_Task instructions_.
Output only the lines that run from the line holding "陆良颐景源主题酒店酒店提供图片" to the end of the entries, both ends included, and skip the pictures.

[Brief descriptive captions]

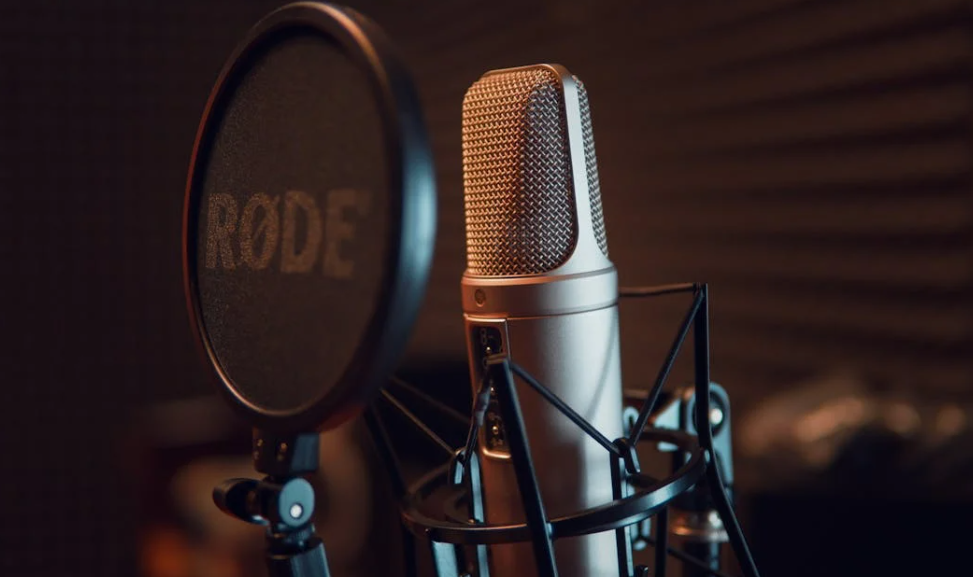 Auriculares con cancelación de ruido vs. Micrófonos de estudio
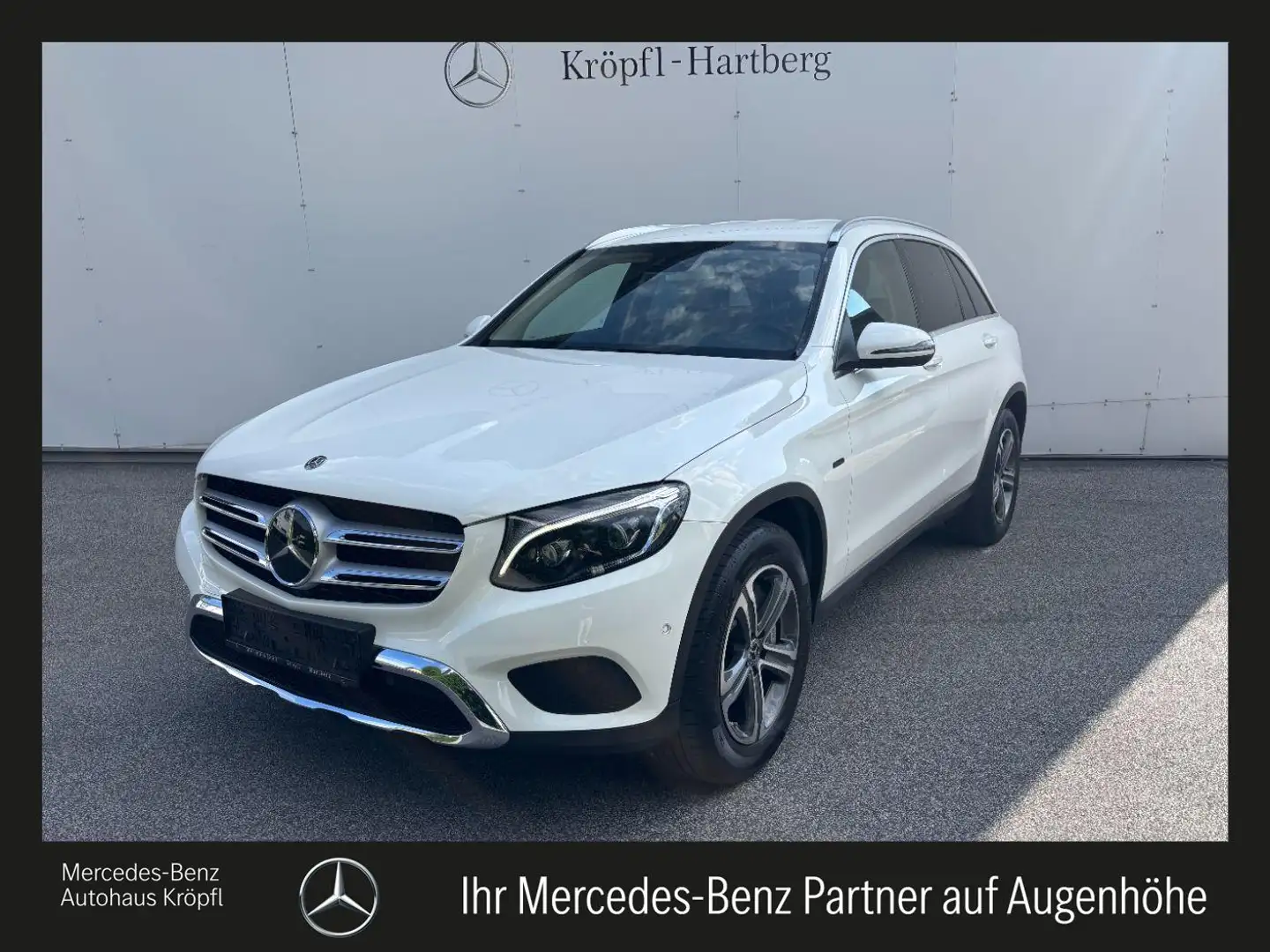 Mercedes-Benz GLC 350 e 4MATIC PTS Shz Navi LED AIR eHeck Burm Weiß - 1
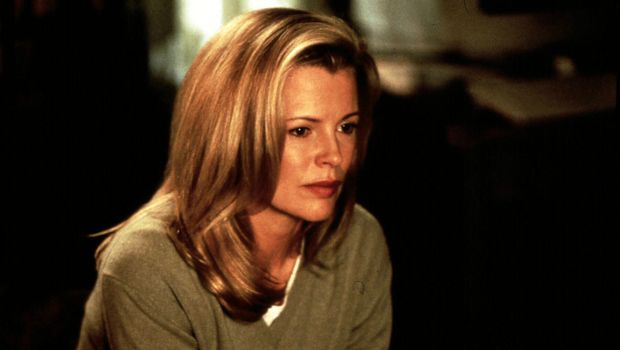 Kim Basinger, Besindžer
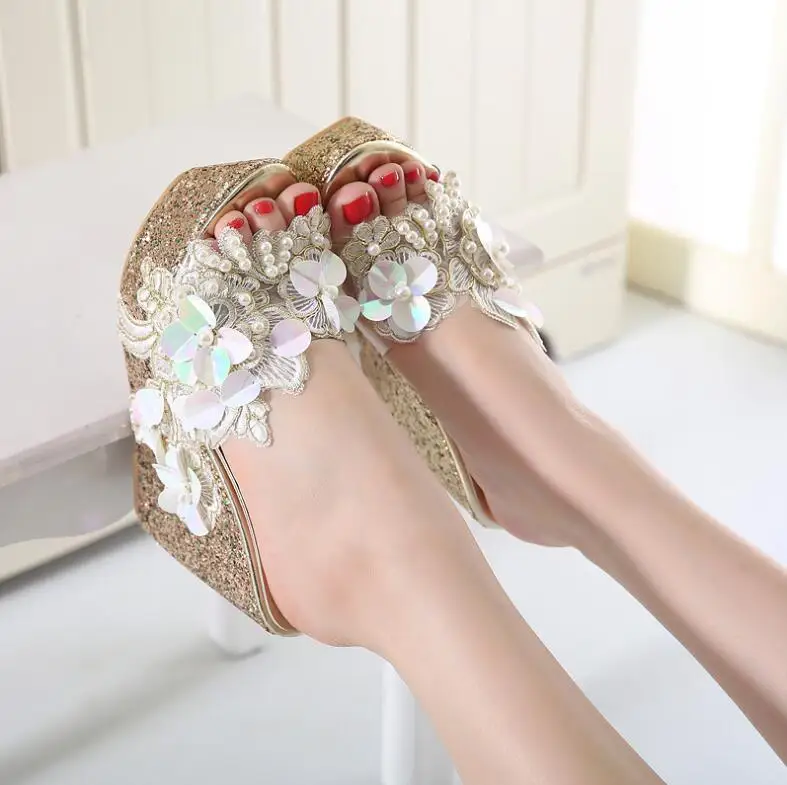 

Summer slipper Beaded flowers platform wedges women slippers fashion flip flops bohemian national style women sandals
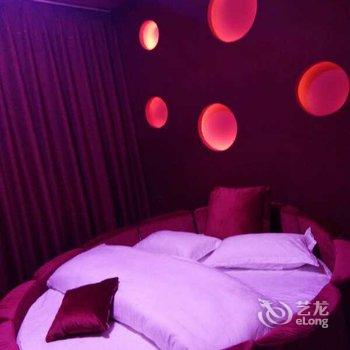 陆良颐景源主题酒店酒店提供图片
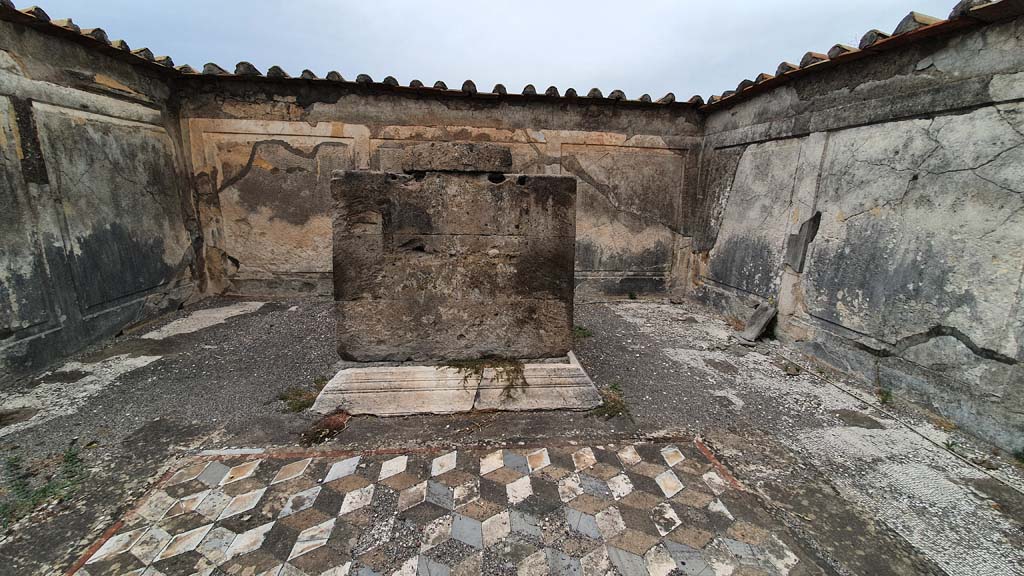 VII.7.32, Pompeii. September 2018. Looking north-west towards detail of altar.
Foto Anne Kleineberg, ERC Grant 681269 DÉCOR.
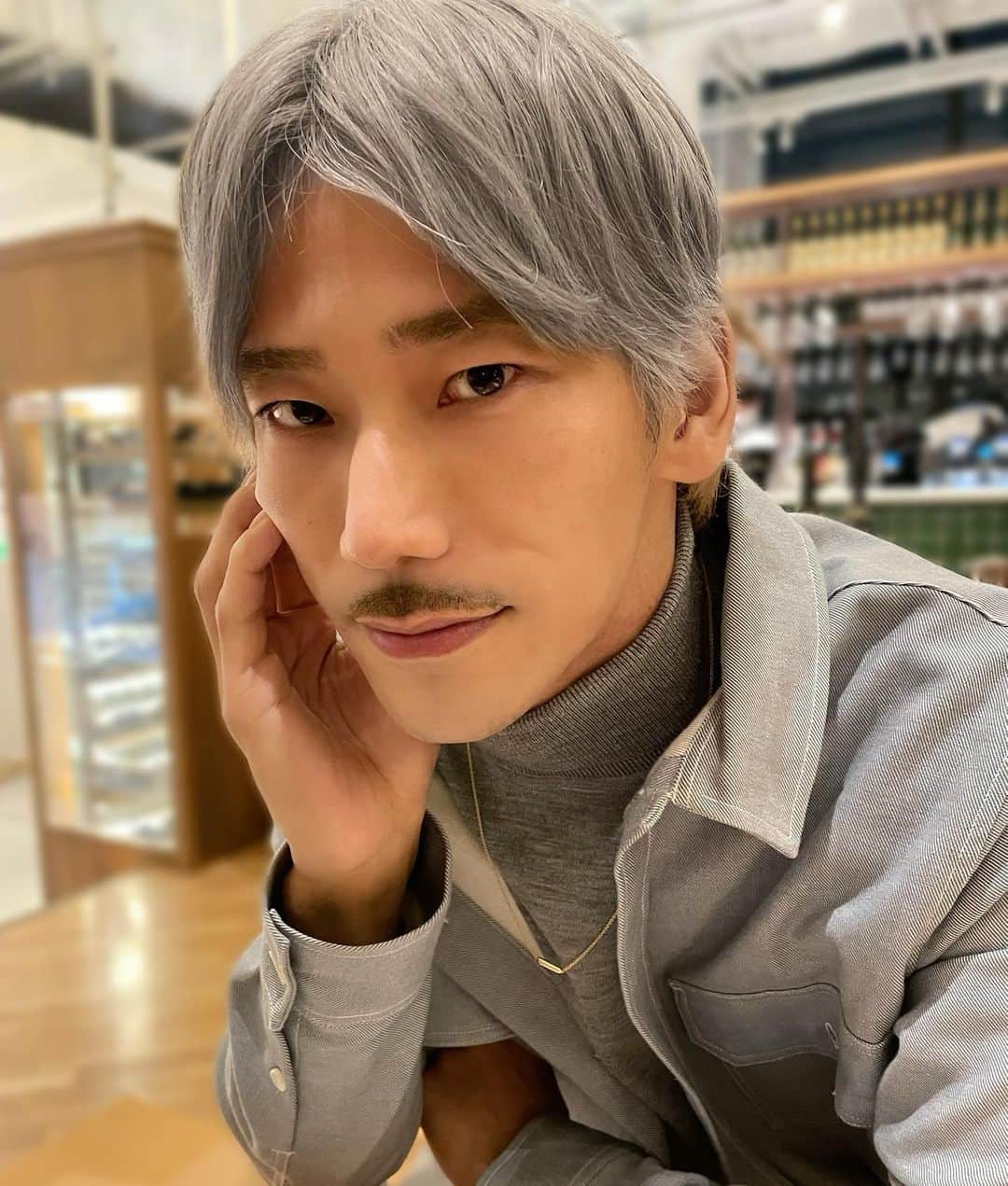 のインスタグラム：「いい髪色になった🥳  #シルバーヘアー  どうかな？🤔 . . . . . . . . . . . . . . … . . . . . . . どれが好きな色だった？🤣  #お試しヘアカラー #エイプリルフール #えってなってたらごめん笑」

_Written answer_.
 陆良颐景源主题酒店酒店提供图片
 VII.7.32, Pompeii. September 2018. Looking north-west towards detail of altar.
Foto Anne Kleineberg, ERC Grant 681269 DÉCOR.
 のインスタグラム：「いい髪色になった🥳  #シルバーヘアー  どうかな？🤔 . . . . . . . . . . . . . . … . . . . . . . どれが好きな色だった？🤣  #お試しヘアカラー #エイプリルフール #えってなってたらごめん笑」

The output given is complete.